Of course someone does. The TT forum doesn't rest until we know everything about our cars. :lol:

The brand is Faital.

The standard set up is not bad. But is has room for improvement. Only thing is: most people use different standards when it comes to good or bad sound quality. 
I think my professional studio AKG K712Pro headphones are good. And the sound in the TT doesn't come close to it. 
Some say these AKG K712Pro are just mediocre. So I guess it's like they say: how long is a piece of string?


----------



## QS Luke (Jul 13, 2013)

TT-driver said:


> Of course someone does. The TT forum doesn't rest until we know everything about our cars. :lol:
> 
> The brand is Faital.
> 
> ...


If I could replicate the sound of my AKG K7XX headphones in the Audi I'd likely cream my pants.


----------



## TALBOTL (Aug 30, 2017)

TT-driver said:


> Of course someone does. The TT forum doesn't rest until we know everything about our cars. :lol:
> 
> The brand is Faital.
> 
> ...


Thanks TT Driver appreciate the info, can't say I have heard of them but I have never been up to speed with ICE. I do however like my headphones - AKG are fairly good certainly a very under rated headphone. I currently have Audio Technica M50X and they are fantastic and also have a knocking about set (Cowin E7) got them on offer at Amazon for circa GBP40 which are great!

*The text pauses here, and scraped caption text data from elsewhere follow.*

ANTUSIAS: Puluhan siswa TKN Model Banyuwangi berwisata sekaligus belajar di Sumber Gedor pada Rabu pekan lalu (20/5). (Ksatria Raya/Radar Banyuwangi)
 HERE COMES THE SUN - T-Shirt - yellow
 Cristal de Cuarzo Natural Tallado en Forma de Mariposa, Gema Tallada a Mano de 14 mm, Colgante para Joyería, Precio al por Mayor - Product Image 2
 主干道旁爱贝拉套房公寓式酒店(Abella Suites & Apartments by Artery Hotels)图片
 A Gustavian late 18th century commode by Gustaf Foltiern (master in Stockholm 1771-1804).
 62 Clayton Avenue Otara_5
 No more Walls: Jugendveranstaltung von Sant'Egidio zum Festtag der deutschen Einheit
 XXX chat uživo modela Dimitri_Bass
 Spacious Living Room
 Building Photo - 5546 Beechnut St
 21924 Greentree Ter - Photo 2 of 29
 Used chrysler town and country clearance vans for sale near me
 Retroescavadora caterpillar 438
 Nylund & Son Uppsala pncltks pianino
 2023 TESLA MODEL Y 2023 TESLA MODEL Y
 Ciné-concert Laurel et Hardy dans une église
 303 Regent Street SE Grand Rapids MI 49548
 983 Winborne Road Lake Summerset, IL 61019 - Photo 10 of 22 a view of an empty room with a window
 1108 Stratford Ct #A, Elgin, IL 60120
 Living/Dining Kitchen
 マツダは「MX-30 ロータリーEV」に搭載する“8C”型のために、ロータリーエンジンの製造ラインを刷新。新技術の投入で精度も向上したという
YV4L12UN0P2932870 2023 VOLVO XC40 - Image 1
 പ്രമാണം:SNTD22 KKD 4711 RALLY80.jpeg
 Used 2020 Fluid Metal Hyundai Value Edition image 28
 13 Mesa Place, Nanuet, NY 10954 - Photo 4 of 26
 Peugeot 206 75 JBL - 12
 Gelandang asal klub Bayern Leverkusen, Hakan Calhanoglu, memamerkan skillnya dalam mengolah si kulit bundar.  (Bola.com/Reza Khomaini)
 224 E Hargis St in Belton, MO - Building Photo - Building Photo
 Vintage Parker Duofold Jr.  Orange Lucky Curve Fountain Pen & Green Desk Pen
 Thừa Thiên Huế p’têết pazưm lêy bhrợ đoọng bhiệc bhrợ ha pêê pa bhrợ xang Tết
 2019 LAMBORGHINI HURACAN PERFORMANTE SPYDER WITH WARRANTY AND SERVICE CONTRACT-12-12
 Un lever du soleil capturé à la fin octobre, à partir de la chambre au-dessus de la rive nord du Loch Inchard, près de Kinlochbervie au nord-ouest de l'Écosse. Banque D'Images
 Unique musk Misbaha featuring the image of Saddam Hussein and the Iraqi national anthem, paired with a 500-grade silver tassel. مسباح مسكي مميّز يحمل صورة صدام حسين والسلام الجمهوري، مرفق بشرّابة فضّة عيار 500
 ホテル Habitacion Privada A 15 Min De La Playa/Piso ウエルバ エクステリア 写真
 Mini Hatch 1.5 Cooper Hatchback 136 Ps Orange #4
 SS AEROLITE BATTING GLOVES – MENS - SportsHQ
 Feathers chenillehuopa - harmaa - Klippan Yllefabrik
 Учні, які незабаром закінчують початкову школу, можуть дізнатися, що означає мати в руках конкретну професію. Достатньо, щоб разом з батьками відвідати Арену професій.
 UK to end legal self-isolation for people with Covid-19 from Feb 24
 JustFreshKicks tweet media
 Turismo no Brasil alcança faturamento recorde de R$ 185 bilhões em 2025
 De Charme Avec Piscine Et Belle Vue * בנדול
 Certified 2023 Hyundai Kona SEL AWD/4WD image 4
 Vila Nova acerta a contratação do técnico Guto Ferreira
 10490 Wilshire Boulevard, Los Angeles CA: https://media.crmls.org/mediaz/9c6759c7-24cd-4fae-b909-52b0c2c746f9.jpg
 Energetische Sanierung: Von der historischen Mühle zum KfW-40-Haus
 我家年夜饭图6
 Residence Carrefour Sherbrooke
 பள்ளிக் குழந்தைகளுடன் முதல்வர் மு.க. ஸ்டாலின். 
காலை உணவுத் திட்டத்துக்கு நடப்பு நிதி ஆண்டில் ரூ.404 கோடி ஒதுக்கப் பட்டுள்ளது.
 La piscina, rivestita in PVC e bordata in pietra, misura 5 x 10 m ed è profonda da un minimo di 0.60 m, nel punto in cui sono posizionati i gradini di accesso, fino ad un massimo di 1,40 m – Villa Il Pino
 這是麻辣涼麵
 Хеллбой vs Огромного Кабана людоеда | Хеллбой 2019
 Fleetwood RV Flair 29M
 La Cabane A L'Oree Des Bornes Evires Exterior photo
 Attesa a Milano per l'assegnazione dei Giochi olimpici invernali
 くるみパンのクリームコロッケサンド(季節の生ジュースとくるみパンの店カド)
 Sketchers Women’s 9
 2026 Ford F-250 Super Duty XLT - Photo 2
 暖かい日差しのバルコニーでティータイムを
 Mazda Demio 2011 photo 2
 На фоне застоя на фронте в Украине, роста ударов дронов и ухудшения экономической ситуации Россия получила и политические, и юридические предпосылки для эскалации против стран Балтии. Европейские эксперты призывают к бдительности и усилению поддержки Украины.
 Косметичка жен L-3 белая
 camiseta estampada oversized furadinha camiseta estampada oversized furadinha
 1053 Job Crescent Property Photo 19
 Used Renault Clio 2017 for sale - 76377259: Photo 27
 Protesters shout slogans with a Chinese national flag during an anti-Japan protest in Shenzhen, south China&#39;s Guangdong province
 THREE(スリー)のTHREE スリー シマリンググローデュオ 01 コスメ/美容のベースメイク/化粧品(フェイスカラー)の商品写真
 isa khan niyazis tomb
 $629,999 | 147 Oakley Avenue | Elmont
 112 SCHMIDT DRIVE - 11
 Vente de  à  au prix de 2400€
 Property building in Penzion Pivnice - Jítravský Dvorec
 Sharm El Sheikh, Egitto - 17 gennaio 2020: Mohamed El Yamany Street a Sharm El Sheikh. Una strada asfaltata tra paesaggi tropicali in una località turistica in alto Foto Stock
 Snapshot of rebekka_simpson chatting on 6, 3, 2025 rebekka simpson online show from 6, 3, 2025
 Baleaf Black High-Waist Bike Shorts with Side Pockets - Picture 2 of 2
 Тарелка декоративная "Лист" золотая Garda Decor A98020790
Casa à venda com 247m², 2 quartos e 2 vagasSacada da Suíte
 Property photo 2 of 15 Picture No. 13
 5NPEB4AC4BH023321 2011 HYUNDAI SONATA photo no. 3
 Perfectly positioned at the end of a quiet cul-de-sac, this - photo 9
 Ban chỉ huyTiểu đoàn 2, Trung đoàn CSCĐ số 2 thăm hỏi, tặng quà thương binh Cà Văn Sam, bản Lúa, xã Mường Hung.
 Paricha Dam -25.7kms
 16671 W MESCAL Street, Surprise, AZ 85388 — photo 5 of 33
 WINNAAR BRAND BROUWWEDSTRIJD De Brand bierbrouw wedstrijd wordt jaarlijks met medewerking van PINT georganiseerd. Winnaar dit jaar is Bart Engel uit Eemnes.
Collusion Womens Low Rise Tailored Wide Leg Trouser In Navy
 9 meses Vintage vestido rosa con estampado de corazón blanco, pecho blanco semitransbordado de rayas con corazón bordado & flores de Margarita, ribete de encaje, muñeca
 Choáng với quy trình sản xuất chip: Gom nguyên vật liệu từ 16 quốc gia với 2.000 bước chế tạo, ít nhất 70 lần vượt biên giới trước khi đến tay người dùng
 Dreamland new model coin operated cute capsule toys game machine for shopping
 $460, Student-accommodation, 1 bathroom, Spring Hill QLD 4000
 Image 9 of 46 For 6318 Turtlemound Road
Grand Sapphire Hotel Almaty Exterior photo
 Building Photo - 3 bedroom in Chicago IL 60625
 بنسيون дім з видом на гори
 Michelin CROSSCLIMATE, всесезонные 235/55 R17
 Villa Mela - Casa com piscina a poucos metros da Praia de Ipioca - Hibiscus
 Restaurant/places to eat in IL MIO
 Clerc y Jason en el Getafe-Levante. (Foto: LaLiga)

Anyway I don't want to stray too far off the OP's topic!

LT


----------



## TT-driver (Sep 14, 2010)

Even if you were up to speed with ICE, you probably still wouldn't know Faital as a brand. When I explored the brand a couple of years ago, they had some web pages designated to designing and manufacturing speakers for car brands.

The funny detail: even the Audi TT Bose tweeters are actually produced by Faital.

Here you see that Faital produces 2 different specifications for one and the same car. The standard version with not much sparkle in the sound and the Bose version with much more sparkle. (and less mid tones, thus a higher cross over frequency)

Remarkable that my headphones remark resonated with you guys (pun intended)


----------